The average lipid content of harvested microalgae in PBR 1 was 41.24%, which was higher than that of other stages. Arief et al. (2009) reported that the content of lipid in microalgae increased with increasing CO₂ concentration. The fatty acid content of the recovered Nephroselmis sp. KGE 8 illustrated in Figure 5. The average of C16 to C18 FAME contents in recovered microalgae at each harvest cycle illustrated Figure 5A. The fatty acid content was 74.38% (w/w), and the highest fatty acid content showed the highest fatty acid content as 87.29% in PBR 5. However, as the number of continuous cultures increased, the fatty acid content of PBR 1 also increased, while that of PBR 2 to PBR 5 tended to decrease (Figure 5B). In particular, PBR 5, which showed the highest fatty acid content at the initial stage, showed a sharp decrease in fatty acid content as the number of times increased. Sharmaet al. (2012), and Nayaket al. (2018) reported an increase in Oleic acid (C18: 1) in the fatty acids of cultured algae in coal combustion gases [27,28].

4. Conclusions

Batch scale studies reveal that Nephroselmis sp. KGE 8 showed the best growth under exhaust gas conditions. Nephroselmis sp. KGE 8 showed growth potential (0.696 g L⁻¹) in the semi-continuous PBR operation with the exhaust gas injection. The lipid content and C16-C18 FAME content were 39.4% and 77.8% in PBR1, respectively. The microalgae productivity of five reactors showed range from 0.4116 g L⁻¹ to 0.5468 g L⁻¹ at each cultivate-harvest cycles. PBR 1 showed highest microalgae productivity during PBR operation.
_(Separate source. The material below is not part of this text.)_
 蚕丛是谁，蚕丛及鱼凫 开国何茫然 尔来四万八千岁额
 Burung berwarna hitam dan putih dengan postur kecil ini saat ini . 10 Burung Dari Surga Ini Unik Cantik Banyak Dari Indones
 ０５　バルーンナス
When exhaust gas is directly injected, changes in NO_x and temperature condition accelerate the microbial energy conversion. Singh et al. (2014) reported that some algal species obtained maximum biomass in 15% CO₂ [29]. Based on the result, it was concluded that direct injection of exhaust gas is the most suitable condition for utilization of energy source of microalgae. This microalgal cultivation system could be a suitable process for the massive cultivation of microalgae with exhaust gas from power plants.